The white sturgeon is one of the largest freshwater fish, named for its lighter color. It is also known as the harp fish, the swordfish, and the ancient name tuna. Like the Chinese sturgeon, it has existed for 150 million years and is one of the very few ancient fish that survived from the Cretaceous period of the Mesozoic Era.
Fish that are born in freshwater, migrate to the sea as young children, and then return to freshwater to spawn are called anadromous fish. The largest of these fish is the white sturgeon, which averages 2.3 meters long and weighs 65 to 130 kilograms. Sturgeons have diamond-shaped, enamel-like scales. Because the white sturgeon is very large, it can directly swallow many large freshwater fish. According to the records of Professor Bingzhi, a famous zoologist, several decades ago, someone caught a white sturgeon in Nanjing that was 7.5 meters long and weighed 908 kilograms. Sichuan fishermen also say that "a thousand pounds of Lazi (Chinese sturgeon) weighs ten thousand pounds of Xiang (white sturgeon)". Therefore, adult white sturgeons are almost invincible in the Yangtze River, at the top of the food chain, and are also known as the "King of Chinese Freshwater Fish".
The white sturgeon, a relic animal that survived the catastrophe, is extremely precious in scientific research, and the existing population is extremely small. For this reason, the "List of Key Protected Wildlife" issued twice by the Environmental Protection Committee of the State Council of China in 1983 and 1987 listed it as a Class I precious and rare animal under key protection.
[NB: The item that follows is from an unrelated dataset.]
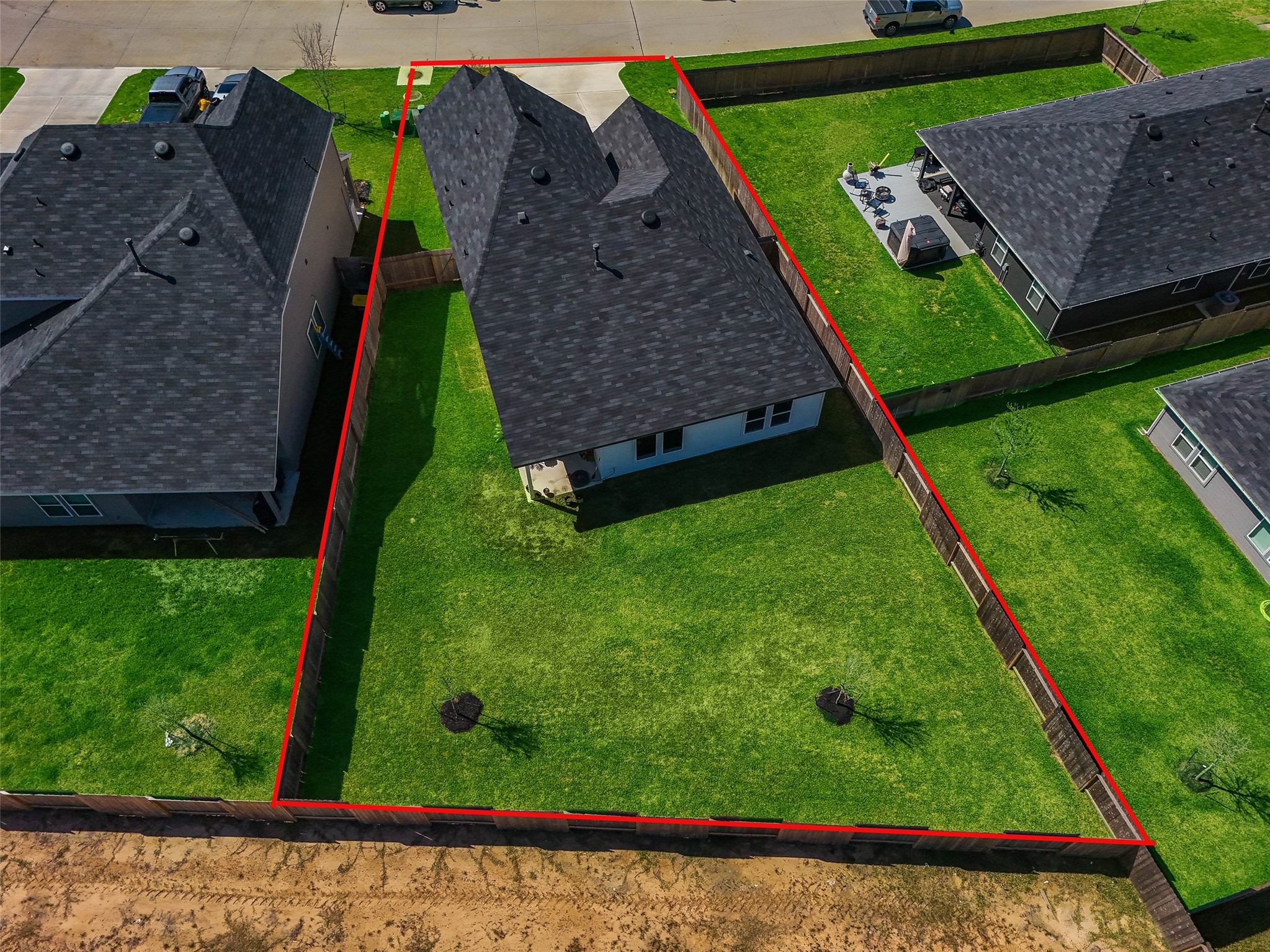 815 Devils Bridge Street Conroe, TX 77303 - Photo 23 of 25 a view of a backyard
It belongs to China's national Class I protected wildlife. At that time, the scientific research department was working on artificial breeding research, but it was unable to carry out large-scale artificial breeding. It was strictly prohibited to catch and kill parent and young fish, and strongly advocated the return of young sturgeons to the river to protect and save this rare and endangered species.
In 2003, the white sturgeon that was mistakenly caught in Yibin was tall, up to 3 meters long and weighed 160 kilograms. So many years have passed, and the white sturgeon has never appeared in human vision again. Due to environmental changes, there are no natural conditions for the survival of the white sturgeon. This makes our understanding of it extremely limited, and we don’t even know much about its average lifespan, and can only roughly estimate it. Even some young researchers in the research team have never witnessed it in the wild.
Listed in the "Red List of Endangered Species of the World Conservation Union" (IUCN) 2009 ver 3.1-Critically Endangered (CR).
Listed in China's "National Key Protected Wildlife List" (February 5, 2021) Level 1.
On December 23, 2019, the Yangtze River white sturgeon (the genus white sturgeon contains only one species) was officially declared extinct.
On the evening of July 21, 2022, the International Union for Conservation of Nature and Natural Resources (IUCN) released an update report on the global species red list, announcing the extinction of the white sturgeon.